I live at the top of one of the highest hills in Seattle (if zip code helps close to where 98119 turns into 98109 - I think I saw something years ago that mapped out TV strength by zip code); however, in a basement apartment with no windows anywhere I can place the TV antenna. 

Also, this converter box doesn't seem like it will last long and has very few features (like finding strongest signal, adding/deleting channels I want, etc.), so I was wondering if/when I need to replace it - what would be a good replacement (I tried several times and almost out of box all didn't work properly if at all)?

I'm on very limited income so would like to keep expenses to a minimum.

I've included pictures of my TV and antenna.

Thank you.


----------



## Corday (Mar 3, 2010)

You want a multi-directional antenna. Sometimes amplification makes things worse. Digital Stream and Magnavox both make converter boxes that show signal strength. It takes 10-20 seconds to adjust to a change of channels so don't accept an immediate number.


----------



## tierra (Nov 6, 2007)

Thank you - Corday!

Any model in particular of antenna, other than multi-directional and non-amplified?


----------



## Corday (Mar 3, 2010)

Channel Master specializes in free TV stuff. If you can get someone live, they might have an answer for your basement situation.


----------



## tierra (Nov 6, 2007)

Thank you - Corday!


----------



## kendallt (Feb 21, 2007)

my '*******' solution for TV was a length of network coax about 40 feet long, cut on fitting off, then measure down 8 feet and strip off insulation without cutting braid. Then loosen the braid and pull the center conductor (with it's insulation) out so you end up with a Y. Tack or tape to ceiling or rafters in a Z shape, (uncut coax at center of diagonal) You end up with a 16ft center fed bent dipole which works well for receiving most frequencies.


----------



## tierra (Nov 6, 2007)

Thank you - kendallt! 

I did order an antenna from Channel Master and if it doesn't work I'll try that.


----------



## tierra (Nov 6, 2007)

Thank you - everyone!

Corday - today I got the channel master antenna and_ it works so much better!_ Haven't had this good of reception since analog TV. I'm getting 33 channels very well and expect next summer when the weather changes to get around 40 stations. I'm very pleased with this antenna and was super inexpensive and the people were very nice when answering my questions and placing the order.

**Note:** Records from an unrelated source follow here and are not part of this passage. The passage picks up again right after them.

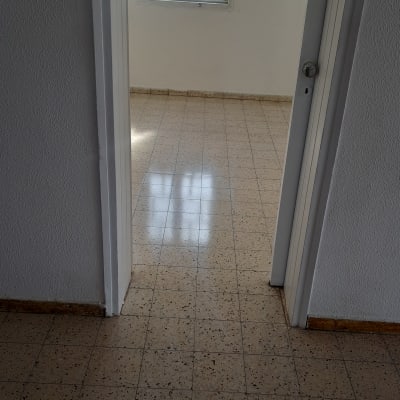 רצפה נקייה ומבריקה בחדר עם חלון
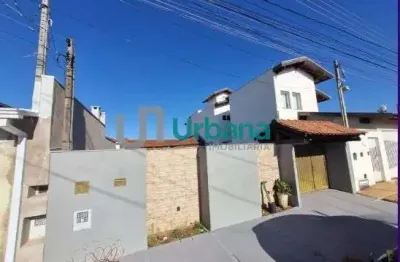Casa com 2 quartos para alugar no parque fehr, são carlos  por r$ 2.350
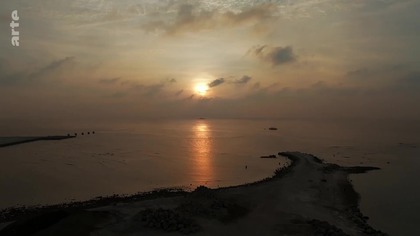 Filipiny między Chinami a USA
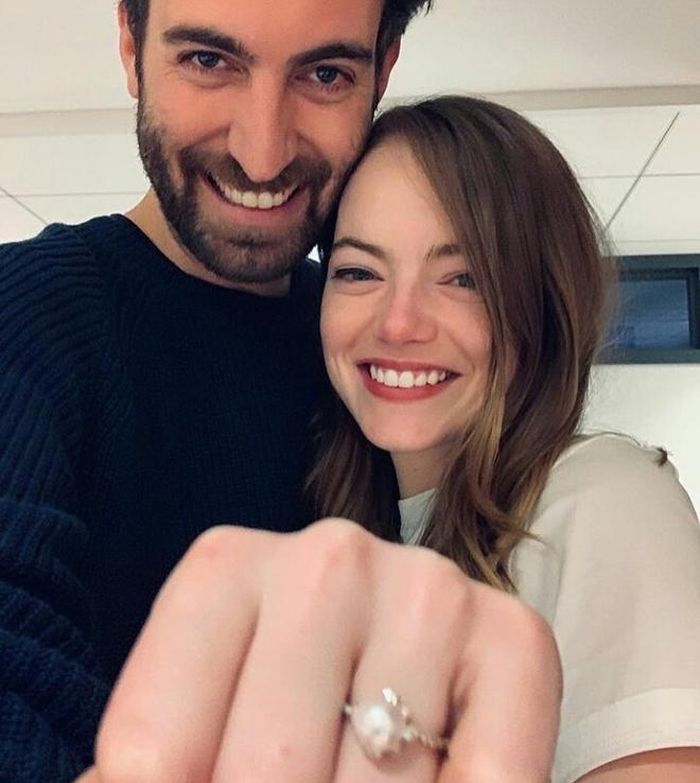 Emma Stone đã đính hôn với nhà biên kịch Dave McCary.
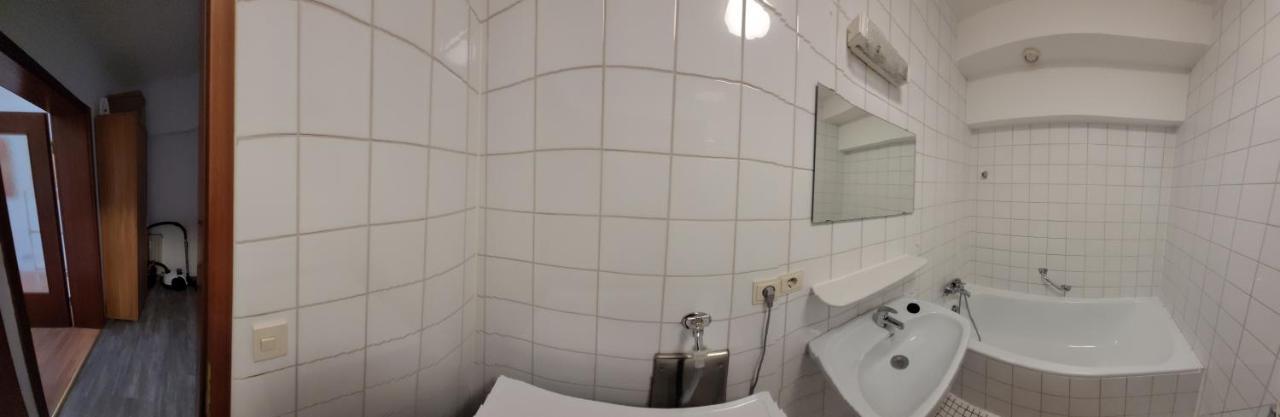 Ludwigsturm Appartement In Straubing Exterior foto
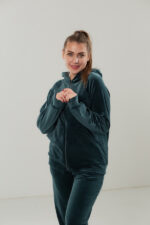 Костюм жіночий 23.1860, 50(2XL), 52(3XL), 54(4XL), смарагдовий, стильний велюровий спортивний костюм на замку у збільшених розмірах - Зображення 4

In case anyone is wondering the antenna was cheaper than buying 40 feet of coax.


----------



## ebackhus (Apr 21, 2005)

Where I live most of the TV stations are clustered in a place called "Antenna Hill" about 30 miles East of where I live. I've tried multiple antennas with almost no luck. Eventually we just got cable. I have hundreds of feet of Coax so I might give Kendallt's idea a shot.


----------